[Material to process]
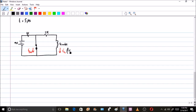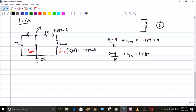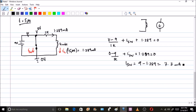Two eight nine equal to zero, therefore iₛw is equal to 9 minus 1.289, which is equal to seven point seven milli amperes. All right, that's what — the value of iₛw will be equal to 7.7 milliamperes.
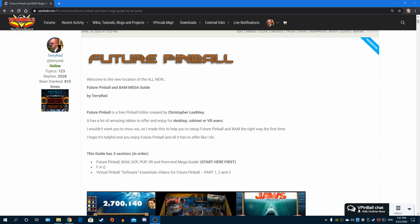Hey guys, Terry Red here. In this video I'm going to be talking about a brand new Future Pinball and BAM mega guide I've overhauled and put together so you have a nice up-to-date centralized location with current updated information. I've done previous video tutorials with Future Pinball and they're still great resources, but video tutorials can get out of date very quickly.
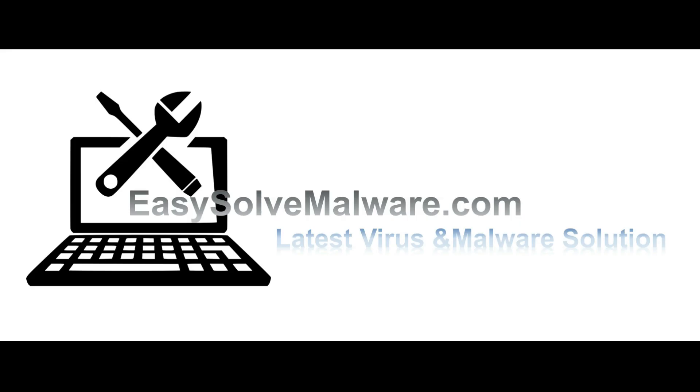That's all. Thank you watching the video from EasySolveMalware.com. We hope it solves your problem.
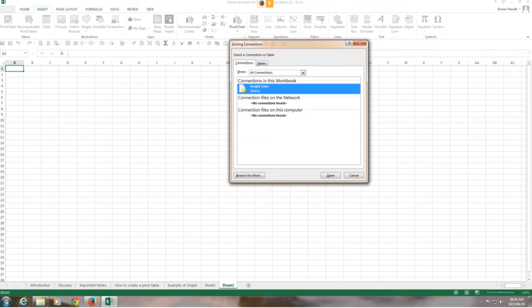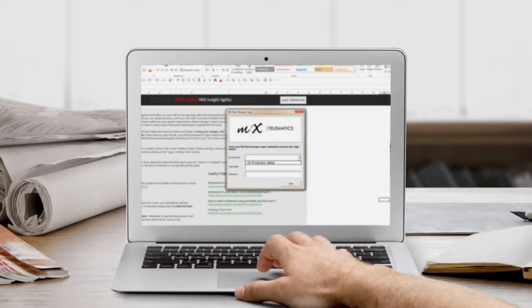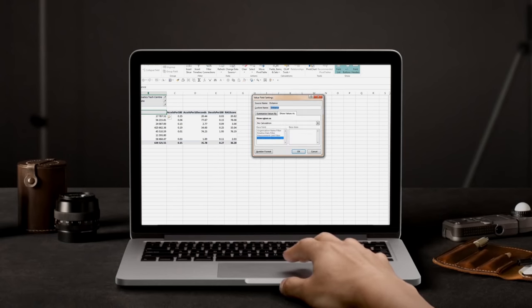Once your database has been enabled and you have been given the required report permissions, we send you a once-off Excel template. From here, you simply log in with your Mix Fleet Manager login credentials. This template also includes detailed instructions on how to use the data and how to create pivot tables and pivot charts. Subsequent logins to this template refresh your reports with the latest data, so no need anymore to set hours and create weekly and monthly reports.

==

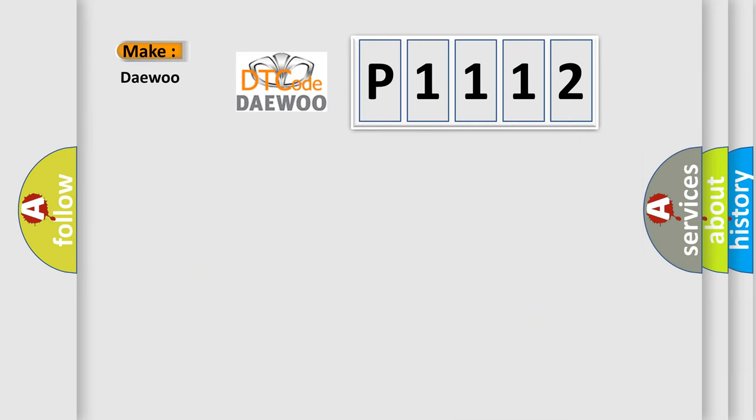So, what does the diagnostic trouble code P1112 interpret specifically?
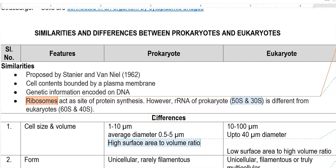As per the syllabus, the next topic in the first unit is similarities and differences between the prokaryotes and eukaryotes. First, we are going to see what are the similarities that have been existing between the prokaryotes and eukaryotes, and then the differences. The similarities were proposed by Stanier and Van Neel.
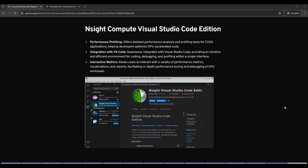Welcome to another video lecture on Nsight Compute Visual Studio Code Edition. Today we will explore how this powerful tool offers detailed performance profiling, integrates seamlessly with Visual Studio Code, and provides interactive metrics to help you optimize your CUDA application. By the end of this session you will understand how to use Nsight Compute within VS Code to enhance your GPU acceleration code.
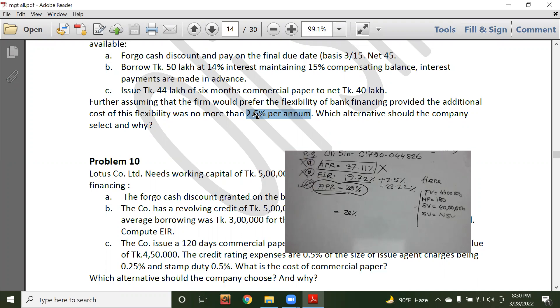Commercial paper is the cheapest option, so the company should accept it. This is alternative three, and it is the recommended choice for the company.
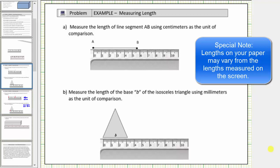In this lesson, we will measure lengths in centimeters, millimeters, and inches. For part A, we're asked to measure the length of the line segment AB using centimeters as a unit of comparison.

---

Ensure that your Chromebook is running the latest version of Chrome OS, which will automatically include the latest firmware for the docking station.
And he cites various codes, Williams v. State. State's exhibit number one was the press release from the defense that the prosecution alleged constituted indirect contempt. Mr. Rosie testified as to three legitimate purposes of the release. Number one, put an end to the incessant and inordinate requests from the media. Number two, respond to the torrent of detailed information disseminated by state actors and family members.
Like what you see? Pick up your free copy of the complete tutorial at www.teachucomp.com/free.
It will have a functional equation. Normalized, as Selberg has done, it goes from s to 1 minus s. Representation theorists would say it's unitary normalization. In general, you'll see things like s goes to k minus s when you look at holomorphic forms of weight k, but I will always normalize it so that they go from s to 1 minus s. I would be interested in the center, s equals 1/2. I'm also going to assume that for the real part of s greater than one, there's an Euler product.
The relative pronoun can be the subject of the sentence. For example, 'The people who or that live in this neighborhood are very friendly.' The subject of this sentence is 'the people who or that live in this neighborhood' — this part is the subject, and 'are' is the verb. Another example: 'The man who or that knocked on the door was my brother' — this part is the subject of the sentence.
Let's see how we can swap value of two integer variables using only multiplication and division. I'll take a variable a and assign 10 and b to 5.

[About this task] Write back word for word every line in the entries above from the one with "Two eight nine" to the one with "That's all. Thank", ends included, and none of the pictures.

[Answer for the task]
Two eight nine equal to zero, therefore iₛw is equal to 9 minus 1.289, which is equal to seven point seven milli amperes. All right, that's what — the value of iₛw will be equal to 7.7 milliamperes.
Hey guys, Terry Red here. In this video I'm going to be talking about a brand new Future Pinball and BAM mega guide I've overhauled and put together so you have a nice up-to-date centralized location with current updated information. I've done previous video tutorials with Future Pinball and they're still great resources, but video tutorials can get out of date very quickly.
That's all. Thank you watching the video from EasySolveMalware.com. We hope it solves your problem.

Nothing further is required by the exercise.